▶ [YOUR ASSIGNMENT]
A line below contains "黑山小区 3室1厅1卫南 普装", and a later one contains "Sala de Reuniones Colebrook C.C. & Motel". Repeat both, with every line between them, exactly.

▶ [DATA FOR REVIEW]
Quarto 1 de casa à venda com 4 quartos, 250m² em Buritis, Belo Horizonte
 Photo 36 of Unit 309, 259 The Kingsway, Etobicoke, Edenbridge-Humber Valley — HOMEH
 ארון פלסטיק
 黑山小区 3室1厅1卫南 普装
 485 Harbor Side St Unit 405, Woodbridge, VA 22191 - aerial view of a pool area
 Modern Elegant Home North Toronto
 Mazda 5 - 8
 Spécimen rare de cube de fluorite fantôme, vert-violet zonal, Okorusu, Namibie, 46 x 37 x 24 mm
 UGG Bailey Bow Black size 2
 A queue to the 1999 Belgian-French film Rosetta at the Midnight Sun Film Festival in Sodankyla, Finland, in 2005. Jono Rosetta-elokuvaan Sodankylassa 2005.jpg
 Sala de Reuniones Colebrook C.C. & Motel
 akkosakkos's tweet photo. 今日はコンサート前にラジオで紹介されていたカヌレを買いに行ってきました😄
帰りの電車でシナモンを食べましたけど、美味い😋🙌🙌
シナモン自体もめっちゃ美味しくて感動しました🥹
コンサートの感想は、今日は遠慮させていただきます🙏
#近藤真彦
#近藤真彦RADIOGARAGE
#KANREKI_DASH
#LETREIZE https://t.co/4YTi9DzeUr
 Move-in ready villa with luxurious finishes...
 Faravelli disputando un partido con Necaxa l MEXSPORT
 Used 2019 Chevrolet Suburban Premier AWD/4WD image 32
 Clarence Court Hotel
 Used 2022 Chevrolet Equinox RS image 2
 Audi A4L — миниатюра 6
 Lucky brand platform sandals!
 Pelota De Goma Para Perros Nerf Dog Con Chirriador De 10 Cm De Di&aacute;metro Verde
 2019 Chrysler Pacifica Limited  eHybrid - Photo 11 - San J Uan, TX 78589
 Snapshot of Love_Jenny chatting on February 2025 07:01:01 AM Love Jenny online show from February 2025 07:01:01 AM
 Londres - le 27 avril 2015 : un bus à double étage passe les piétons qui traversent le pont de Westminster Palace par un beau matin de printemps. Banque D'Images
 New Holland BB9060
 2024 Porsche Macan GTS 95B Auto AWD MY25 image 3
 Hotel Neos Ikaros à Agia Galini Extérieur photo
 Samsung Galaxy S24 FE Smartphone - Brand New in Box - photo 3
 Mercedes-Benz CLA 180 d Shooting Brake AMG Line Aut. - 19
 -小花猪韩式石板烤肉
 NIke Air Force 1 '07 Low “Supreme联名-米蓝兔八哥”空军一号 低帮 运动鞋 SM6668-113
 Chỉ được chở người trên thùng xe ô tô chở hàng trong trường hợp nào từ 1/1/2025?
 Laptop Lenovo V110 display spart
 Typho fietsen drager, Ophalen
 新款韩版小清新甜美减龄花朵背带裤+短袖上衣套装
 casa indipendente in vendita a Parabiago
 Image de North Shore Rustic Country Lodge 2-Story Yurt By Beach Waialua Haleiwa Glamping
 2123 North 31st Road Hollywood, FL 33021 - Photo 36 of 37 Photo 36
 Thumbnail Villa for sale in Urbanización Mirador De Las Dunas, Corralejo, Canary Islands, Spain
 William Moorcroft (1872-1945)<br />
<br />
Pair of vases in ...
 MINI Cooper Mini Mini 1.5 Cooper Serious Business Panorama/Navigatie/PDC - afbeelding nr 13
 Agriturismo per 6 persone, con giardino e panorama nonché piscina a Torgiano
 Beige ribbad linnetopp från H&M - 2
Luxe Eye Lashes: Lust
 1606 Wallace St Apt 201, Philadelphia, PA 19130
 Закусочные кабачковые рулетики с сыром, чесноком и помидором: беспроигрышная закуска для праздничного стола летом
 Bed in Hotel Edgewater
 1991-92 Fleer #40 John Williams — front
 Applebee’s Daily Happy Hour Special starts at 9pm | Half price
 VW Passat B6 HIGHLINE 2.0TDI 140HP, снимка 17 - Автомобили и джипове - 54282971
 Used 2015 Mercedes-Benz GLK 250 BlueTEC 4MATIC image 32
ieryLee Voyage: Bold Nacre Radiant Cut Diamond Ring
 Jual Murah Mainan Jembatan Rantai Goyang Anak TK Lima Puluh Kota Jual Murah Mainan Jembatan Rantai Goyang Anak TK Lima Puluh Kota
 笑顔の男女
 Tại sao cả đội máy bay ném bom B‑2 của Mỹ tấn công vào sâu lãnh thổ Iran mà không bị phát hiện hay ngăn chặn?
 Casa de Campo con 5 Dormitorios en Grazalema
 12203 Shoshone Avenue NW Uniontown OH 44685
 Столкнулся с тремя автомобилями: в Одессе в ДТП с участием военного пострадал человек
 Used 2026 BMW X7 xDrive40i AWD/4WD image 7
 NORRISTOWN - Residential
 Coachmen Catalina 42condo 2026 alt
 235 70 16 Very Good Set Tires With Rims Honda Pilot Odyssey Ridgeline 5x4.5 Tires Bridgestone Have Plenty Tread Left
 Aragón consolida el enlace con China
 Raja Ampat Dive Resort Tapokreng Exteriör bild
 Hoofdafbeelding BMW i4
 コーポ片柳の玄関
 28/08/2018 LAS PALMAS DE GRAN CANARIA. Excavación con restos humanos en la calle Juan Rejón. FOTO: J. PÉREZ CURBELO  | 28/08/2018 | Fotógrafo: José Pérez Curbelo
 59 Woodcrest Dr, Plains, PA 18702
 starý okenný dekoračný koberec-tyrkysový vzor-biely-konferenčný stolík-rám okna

▶ [RESULT OF THE TASK]
 黑山小区 3室1厅1卫南 普装
 485 Harbor Side St Unit 405, Woodbridge, VA 22191 - aerial view of a pool area
 Modern Elegant Home North Toronto
 Mazda 5 - 8
 Spécimen rare de cube de fluorite fantôme, vert-violet zonal, Okorusu, Namibie, 46 x 37 x 24 mm
 UGG Bailey Bow Black size 2
 A queue to the 1999 Belgian-French film Rosetta at the Midnight Sun Film Festival in Sodankyla, Finland, in 2005. Jono Rosetta-elokuvaan Sodankylassa 2005.jpg
 Sala de Reuniones Colebrook C.C. & Motel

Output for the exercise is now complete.